Palestine : comme un air de « Printemps »
Les habitants de la Cisjordanie multiplient les manifestations contre la vie chère. Ils réclament le départ de leurs dirigeants, tenus pour responsables de la dégradation de leurs conditions de vie.
« Le pouvoir au peuple. » Ce slogan, repris depuis dix jours dans la plupart des grands centres urbains de Cisjordanie, en dit long sur le ras-le-bol des Palestiniens. Un an après leurs voisins israéliens, les voilà qui protestent à leur tour contre la vie chère, en particulier la flambée des prix de l’essence, du gaz – en hausse de 12 % – et des produits alimentaires de base. Pourtant, c’est davantage du Printemps arabe dont semblent s’inspirer les Palestiniens. Comme en Tunisie avec Mohamed Bouazizi, les protestations ont fait écho à l’acte désespéré d’un jeune habitant de Gaza qui, le 2 septembre, s’est immolé par le feu en pleine rue. Ehab Abou al-Nada, 17 ans, travaillait du matin au soir pour seulement 30 shekels (6 euros) afin de soulager sa famille. Son geste a d’autant plus ému qu’en Cisjordanie près de 20 % de la population se trouve au chômage et vit dans une extrême pauvreté.
Salam Fayyad en première ligne
Après plusieurs appels à la mobilisation sur Facebook, des milliers de Palestiniens se sont d’abord rassemblés à Ramallah, siège de l’Autorité palestinienne du président Mahmoud Abbas. En grève, les chauffeurs de taxi ont bloqué le principal axe routier reliant la ville à Jérusalem, tandis que les commerçants fermaient leurs boutiques. Mais très vite, les rassemblements ont fait tache d’huile et se sont étendus à Naplouse, Bethléem, ou encore Hébron, la « ville des Patriarches », foyer de tensions quotidiennes. Le 10 septembre, des Palestiniens s’en sont pris à coups de pierres au bâtiment de la mairie puis à un commissariat de police. L’intervention brutale des forces de l’ordre a fait une cinquantaine de blessés. Comme au temps de l’Intifada, les jeunes chebab coiffés de keffiehs ont refait leur apparition en Cisjordanie, brûlant des pneus à tout-va pour maintenir une atmosphère de chaos.
Tout est parti de l’acte désepéré d’un jeune… qui s’est immolé par le feu dans la rue.

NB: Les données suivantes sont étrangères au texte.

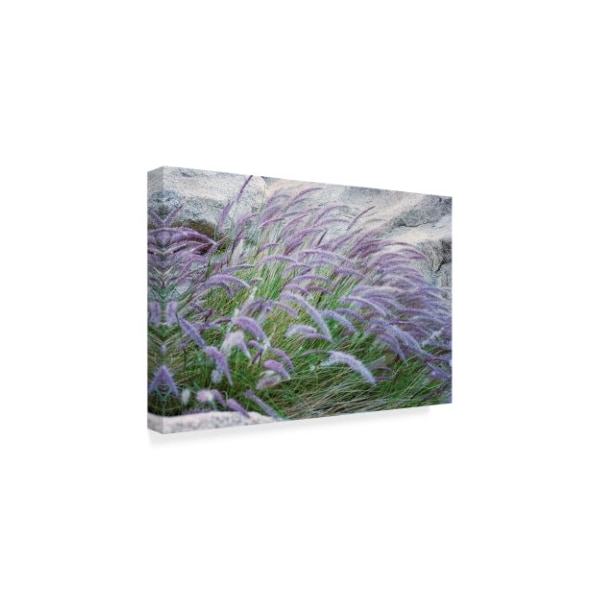 Janice Sullivan 'Purple Wild Grass Ii' Canvas Art,16x24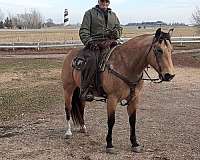 quarter-horse-for-sale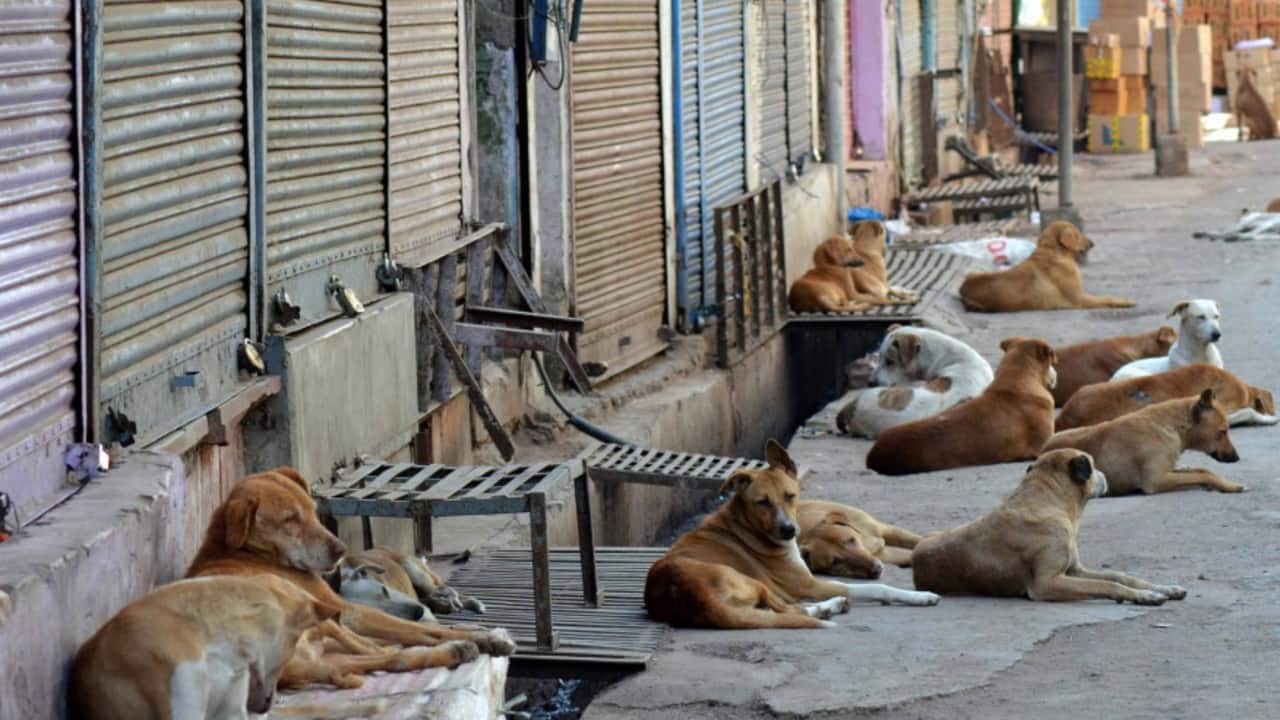 In Pics | Animal lovers come to the rescue of stray animals during lockdown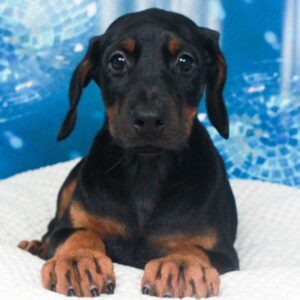 Doberman Pinscher - 47214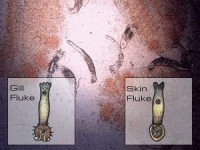 Skin and Gill Flukes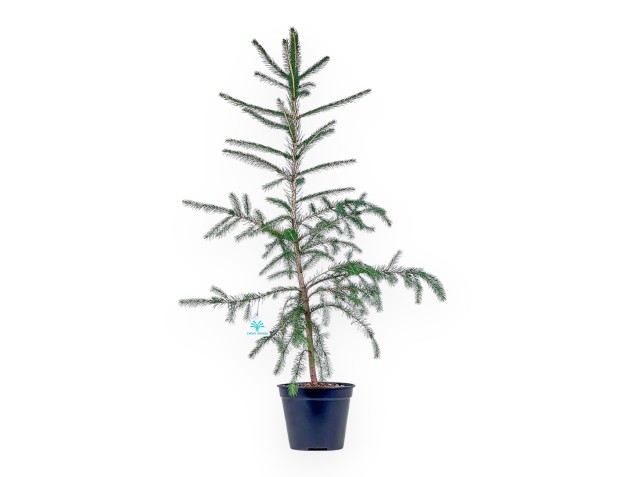 Pianta da lavorare di Picea abies %separator% %category%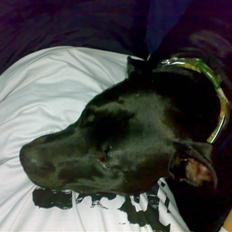 Amerikansk staffordshire terrier HEROS (SMULLER-HEROS)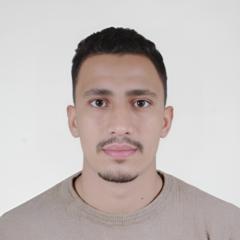 Radouane M'handi
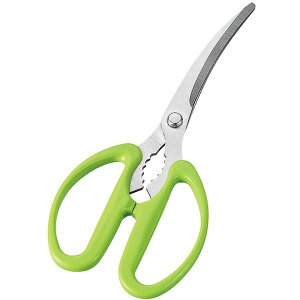 txW J[un͂ FV-402 atCY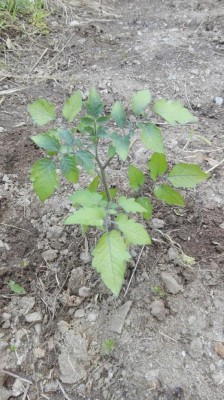 pom3.jpg (143.66 KiB) Osservato 887 volte pom3.jpg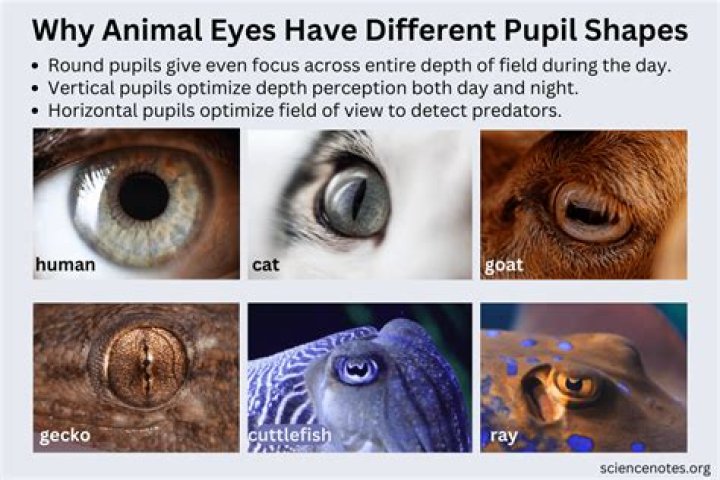 Is it possible for humans to have slit pupils?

La colère des Palestiniens est avant tout dirigée contre leurs dirigeants, dont ils souhaitent ouvertement le départ. Du fait de la crise financière mondiale, l’aide promise par la communauté internationale tarde à être acheminée, et l’Autorité palestinienne manque cruellement de liquidités pour verser les salaires de ses 154 000 fonctionnaires. Le ministère des Finances dit toujours attendre 1,2 milliard de dollars de dons, dont 200 millions en provenance des États-Unis. Se sentant à la fois menacé et impuissant, le président Mahmoud Abbas a jugé plus sage de prendre le parti du peuple en qualifiant ses revendications de « justes et pertinentes ».
Il laisse en première ligne son Premier ministre, Salam Fayyad. L’homme qui a incarné le renouveau économique de la Cisjordanie se voit désormais accusé d’être corrompu et de mener une politique néfaste pour les plus démunis. En cause, un programme rigoureux de fiscalisation, censé ouvrir une voie de secours à son gouvernement.
Protocole à réviser
Pour atténuer la grogne sociale, le Premier ministre a décidé, le 11 septembre, de suspendre certaines mesures, tout en estimant que sa « démission ne résoudrait aucun problème ». La rue palestinienne exige à présent l’abrogation du protocole de Paris. Signée le 29 avril 1994, cette annexe aux accords d’Oslo stipule que les importations dans les Territoires palestiniens doivent être soumises à l’approbation de l’État hébreu, ainsi que les taxes douanières sur les exportations. Bien que l’Autorité de Ramallah se dise pénalisée par ces contraintes, qui limitent son développement économique, elle n’est jamais parvenue à obtenir la révision de ce traité bilatéral. Selon toute vraisemblance, sa nouvelle demande en ce sens a peu de chances d’aboutir. À moins que les tensions actuelles, qui pourraient dégénérer en nouvelle Intifada, ne poussent les Israéliens à lâcher du lest.